8. The system of claim 7, wherein said means for establishing said plurality of microbins includes means for arranging the microbins sequentially with respect to their identification number.

9. The system of claim 8, further comprising:

means for dividing the number of data points in said data set by a predetermined value N; and

means for grouping said actual outcomes into N bins, identified as X, X+1, X+2 . . . N, where X=1, whereby the first 1/N of said actual outcomes, beginning with those in the highest numbered microbin and moving sequentially downward, are placed in bin X; the second 1/N of said actual outcomes are placed in bin X+1; and the process is repeated until all of said actual outcomes have been placed in one of said N bins.

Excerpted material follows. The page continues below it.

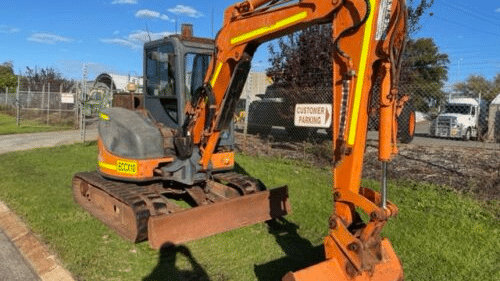 2010 Used Hitachi ZAXIS40 Excavators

10. The system of claim 9, wherein said actual outcomes can be either positive or negative outcomes, further comprising:

for each of said N bins, means for dividing the number of positive actual outcomes therein by the number of actual outcomes in said bin, thereby establishing data in a form suitable for graphing in a lift chart.

11. A computer program product recorded on computer readable medium for automatically arranging, in a predetermined order, the actual outcomes of the processing of a data set by a model, comprising:

computer-readable means for establishing a plurality of microbins for storing the actual outcomes;

computer-readable means for establishing a mapping from each possible predicted value to said microbins such that each microbin is associated with a range of said possible predicted values;

computer-readable means for processing said data set through said model and identifying an actual outcome for each data point in said data set; and

computer-readable means for storing said actual outcomes in the microbin associated by said mapping with the predicted value that corresponds with said actual outcome.

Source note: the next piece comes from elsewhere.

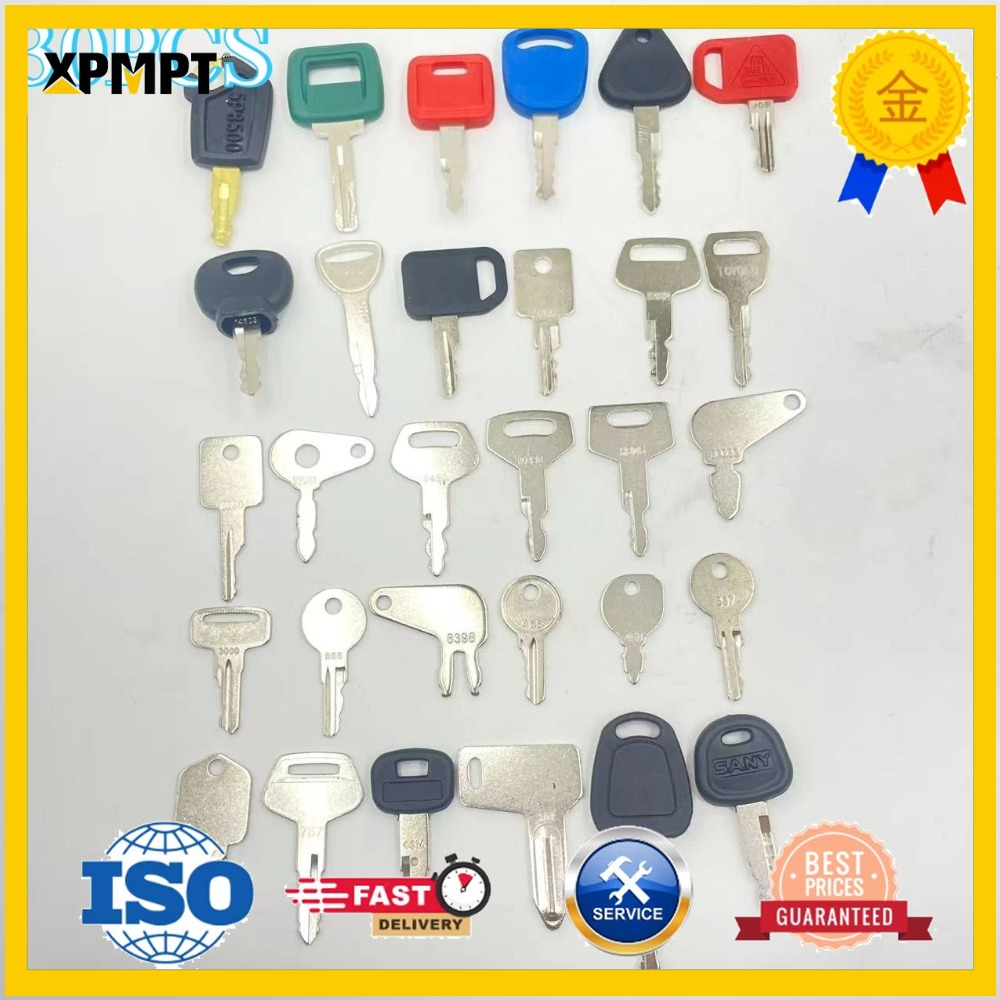 مجموعة مفاتيح للمعدات الثقيلة  - مراجعة Heavy Equipment Keys وسعره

12. The computer program product of claim 11, wherein said computer-readable means for mapping includes computer-readable means for identifying each microbin using a number corresponding to the range of possible predicted values with which it is associated.

13. The computer program product of claim 12, wherein said computer-readable means for establishing said plurality of microbins includes computer-readable means for arranging the microbins sequentially with respect to their identification number.

14. The computer program product of claim 13, further comprising:

computer-readable means for dividing the number of data points in said data set by a predetermined value N; and

computer-readable means for grouping said actual outcomes into N bins, identified as X, X+1, X+2 . . . N, where X=1, whereby the first 1/N of said actual outcomes, beginning with those in the highest numbered microbin and moving sequentially downward, are placed in bin X; the second 1/N of said actual outcomes are placed in bin X+1; and the process is repeated until all of said actual outcomes have been placed in one of said N bins.

15. The computer program product of claim 14, wherein said actual outcomes can be either positive or negative outcomes, further comprising:

for each of said N bins, computer-readable means for dividing the number of positive actual outcomes therein by the number of actual outcomes in said bin, thereby establishing data in a form suitable for graphing in a lift chart.

16. A method for automatically arranging, in a predetermined order, the actual outcomes of the processing of a data set by a model, comprising the steps of:

establishing a plurality of microbins for storing the actual outcomes;

establishing a mapping from possible predicted values to microbins such that each microbin is associated with a range of said possible predicted values;

17. The method of claim 16, wherein:

all of said ranges of possible predicted values are of equal size; and

said mapping is accomplished by multiplying an actual outcome by the number of bins and truncates the result.

18. The method of claim 16, wherein:

said mapping of possible predicted values to microbins is a non-linear mapping; and

said non-linear mapping is determined from known trends in the distribution of actual outcomes to increase the equality of population of said microbins.